Ada banyak kenangan yang terjadi, misalnya ketika harus kucing-kucingan dengan aparat keamanan. Ketika akan menemui warga Kedongombo, malam-malam mereka memakai perahu. Mereka juga pernah digrebek aparat keamanan saat mengadakan rapat dengan warga Kedongombo. “Inikan negara merdeka, kenapa orang-orang malah dibuat tidak merdeka.” kata Romo Mangun saat itu.

Bantaran Kali Code

Sekitar tahun 1980-an kawasan ini masih dikenal sebagai kawasan kumuh yang ditinggali oleh kaum urban. Mereka tinggal berdesakan dalam rumah terbuat dari kardus atau anyaman bambu dan menjalani aneka profesi untuk bertahan hidup. Kondisi itu makin sulit ketika Pemda merencanakan penggusuran bagi warga. Kondisi mulai berubah saat Romo Mangun datang menginisiasi penataan pemukiman warga Code serta mendampingi perbaikan kualitas hidupnya. Pekerjaan itu dibantu relawan, mahasiswa, dan warga setempat. Warga didampingi untuk mengubah kehidupan mereka dari aspek ekonomi, manusia, dan lingkungan.

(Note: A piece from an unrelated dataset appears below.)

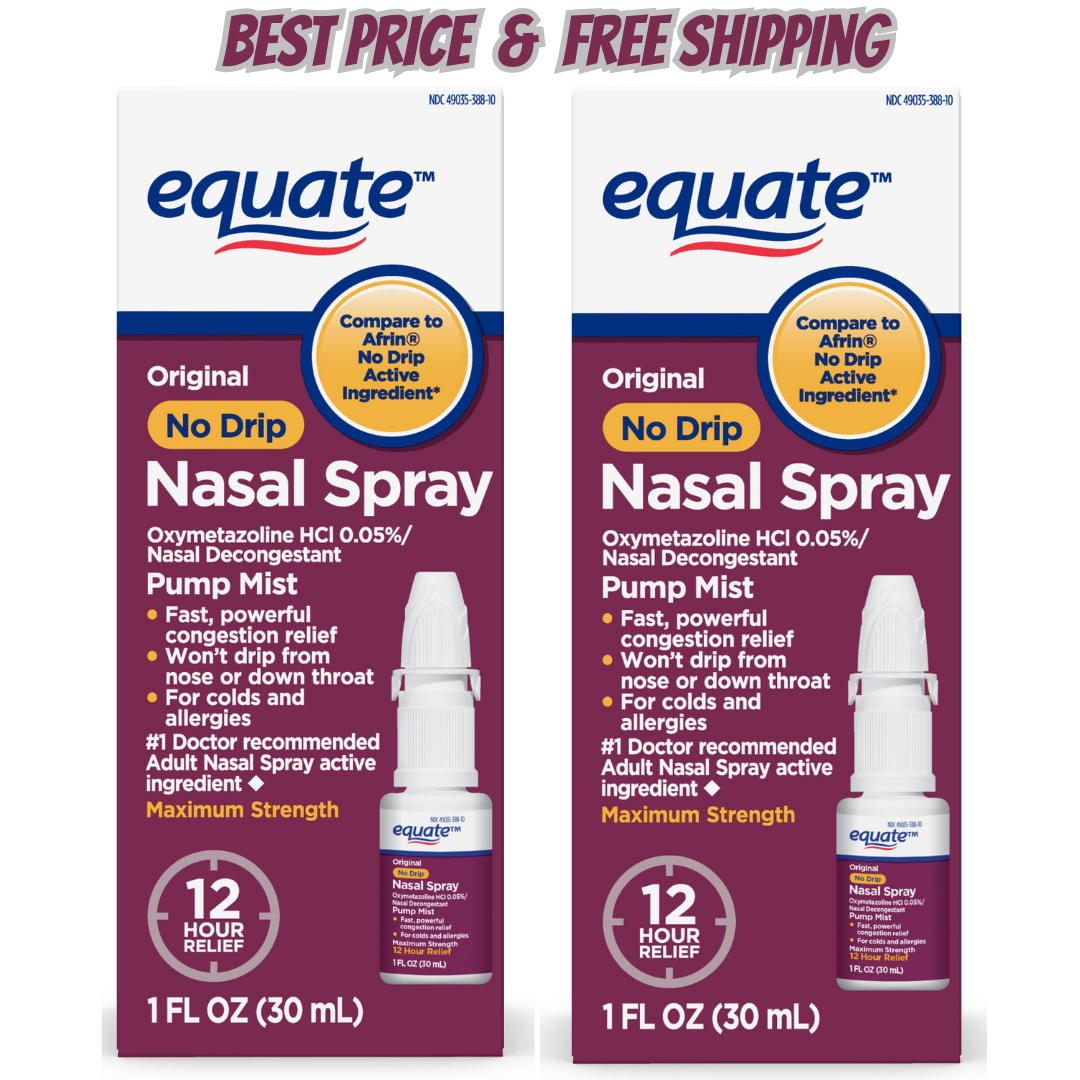 New Equate No Drip Nasal Spray, Pump Mist, 12 Hour, 1 fl oz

Romo Y.B. Mangunwijaya bersama anak-anak Kali Code, Yogyakarta

Direktur DED dan Dekan Fakultas Teologi Universitas Sanata Dharma Yogyakarta,  Romo C.B. Mulyatno menyampaikan kepada HIDUP. “Romo Mangun hadir sebagai saudara dan hidup bersama mereka. Ia membuat gubuk untuk tinggal. Lalu membuat ruang perjumpaan bagi warga, karena kekerasan amat kuat di sana. Warga berasal dari berbagai tempat, maka dibuatkan ruang rembug bersama warga. Arsitektur hasil karyanya bertolak dari hati masyarakat. Anak-anak belum bisa sekolah, maka buat ruang baca, mendatangkan mahasiswa untuk mendampingi di sanggar belajar anak-anak. Ia juga menikahkan orang-orang yang belum menikah resmi, dengan mengundang pemuka agama resmi. Tujuannya supaya secara manusiawi warga punya kepercayaan diri, secara sosial dihargai. Mereka dibantu mempunyai KTP sebagai penduduk resmi. Romo Mangun memulai dari apa yang menjadi kebutuhan warga, mencari solusi, dan secara simultan diajak membangun secara tidak permanen berdasarkan bahan yang dimiliki.”

Kampung Romo Mangun

Ada yang menarik karena Kampung Code saat ini juga disebut sebagai Kampung Romo Mangun, untuk  mengenang dan menghargai jasanya. Penyebutan ini dikenalkan oleh Ketua Kampung Kotabaru periode 2019-2023 Darsam. Dijelaskannya perubahan yang terjadi setelah hampir 40 tahun restrukturisasi masyarakat Code berlangsung. Ada berbagai perubahan mulai dari fisik, sosial ekonomi, pendidikan, dan kemasyarakatan.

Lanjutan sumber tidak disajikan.